By the time Johnston pleaded guilty and came up for sentencing, the only unanswered question was motivation. The indictment used the word “scheme” repeatedly, implying that he had plotted to hide his own culpability and make himself into a hero (for example, by allowing McNulty to sift through the evidence and discover the M651 casing). “It’s not atypical for people trying to pass themselves off as whistleblowers to make public remarks and try to put the focus on other people,” assistant special counsel James Martin told me later. This theory requires people to believe that Johnston knew about the use of pyrotechnics from the beginning. Even if he had been at the meeting with the HRT in November 1993, he and the other members of the trial team, including the Jahns, were obviously confused by the semantics employed by the rescue team members, which used a number of terms interchangeably—military rounds, cupcakes, bubbleheads, incendiaries, hot gas, and penetrators. At one Quantico meeting, LeRoy Jahn had asked, “What is a cupcake round?” Apparently no one had used the correct name—pyrotechnics. There is no reason to believe that Johnston attributed any significance to the terms until after McNulty discovered the M651 shell.

After listening to both sides, Judge Shaw decided that Johnston was motivated by nothing more sinister than survival. Though his crime was real, it did not rise to the level of a Machiavellian plot or deserve a prison term. Instead, the judge gave him two years probation. It was a victory, but I didn’t feel like celebrating. The case never should have been pursued.

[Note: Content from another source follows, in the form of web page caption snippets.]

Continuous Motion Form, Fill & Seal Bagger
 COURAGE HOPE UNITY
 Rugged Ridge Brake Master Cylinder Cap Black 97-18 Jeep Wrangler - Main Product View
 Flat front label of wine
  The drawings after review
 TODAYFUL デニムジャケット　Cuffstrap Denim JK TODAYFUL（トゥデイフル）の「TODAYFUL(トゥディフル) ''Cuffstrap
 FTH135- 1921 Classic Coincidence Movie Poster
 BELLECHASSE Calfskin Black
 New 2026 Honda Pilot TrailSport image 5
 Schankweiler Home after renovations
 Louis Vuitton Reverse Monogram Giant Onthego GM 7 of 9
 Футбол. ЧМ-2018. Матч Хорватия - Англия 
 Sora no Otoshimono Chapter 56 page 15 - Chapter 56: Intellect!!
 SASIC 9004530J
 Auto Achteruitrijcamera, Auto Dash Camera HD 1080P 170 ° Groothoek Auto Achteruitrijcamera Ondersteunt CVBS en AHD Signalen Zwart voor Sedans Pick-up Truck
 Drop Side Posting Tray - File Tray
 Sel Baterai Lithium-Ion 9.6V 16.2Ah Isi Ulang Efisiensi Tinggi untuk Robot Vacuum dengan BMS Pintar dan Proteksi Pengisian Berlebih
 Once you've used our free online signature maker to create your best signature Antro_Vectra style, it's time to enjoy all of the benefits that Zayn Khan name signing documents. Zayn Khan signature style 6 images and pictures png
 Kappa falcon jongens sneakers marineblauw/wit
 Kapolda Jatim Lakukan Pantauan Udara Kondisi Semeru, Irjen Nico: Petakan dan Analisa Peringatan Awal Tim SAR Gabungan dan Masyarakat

If Danforth had been truly pursuing wrongdoers, there were plenty to choose from:

• The ATF commanders, Chuck Sarabyn and Phillip Chojnacki. The Texas Rangers filed federal charges of lying to investigators against both men. They were fired by the ATF but later rehired. Justice declined to prosecute.

• FBI commander Richard Rogers, who gave the order for the HRT to fire pyrotechnics, then remained silent while his superiors denied that pyrotechnics had been used. Justice declined to prosecute.

• The Jahns. The Office of Special Counsel recommended that they be removed from their jobs. Justice declined either to fire or to prosecute them.

• James Cadigan, an FBI crime-scene investigator who made a note about a “40 mm gas grenade,” then concealed the notepad in his attic for seven years. “Putting notes relating to one of the most significant investigations in FBI history in an attic is highly suspicious,” the Office of Special Counsel observed. Justice declined to prosecute.

• Jacqueline Brown, an FBI lawyer who knew about the use of pyrotechnics but failed to pass on the information to Justice and then lied at least four times to the special counsel. Justice declined to prosecute.

But each of these wrongdoers got the benefit of the doubt. There was no government cover-up or conspiracy, Danforth concluded, just “human foible.” Of Jacqueline Brown, Danforth writes, “I believe what happened in this case was that this fairly young lawyer simply goofed, simply failed to do an adequate job.” Honest or even bad mistakes, the special counsel decided, are not evil, merely human.

Not if your name is Bill Johnston. Not if you’re a maverick. Not if you’re a whistleblower. Not if you tell the truth about the FBI. Not if you’re the only guy who doesn’t have friends in Washington. No one connected to the horror of Waco comes off clean. Nobody escapes censure. And Bill Johnston, the one person who did demonstrate honor and integrity, is the one who is punished. Somewhere, David Koresh is smiling.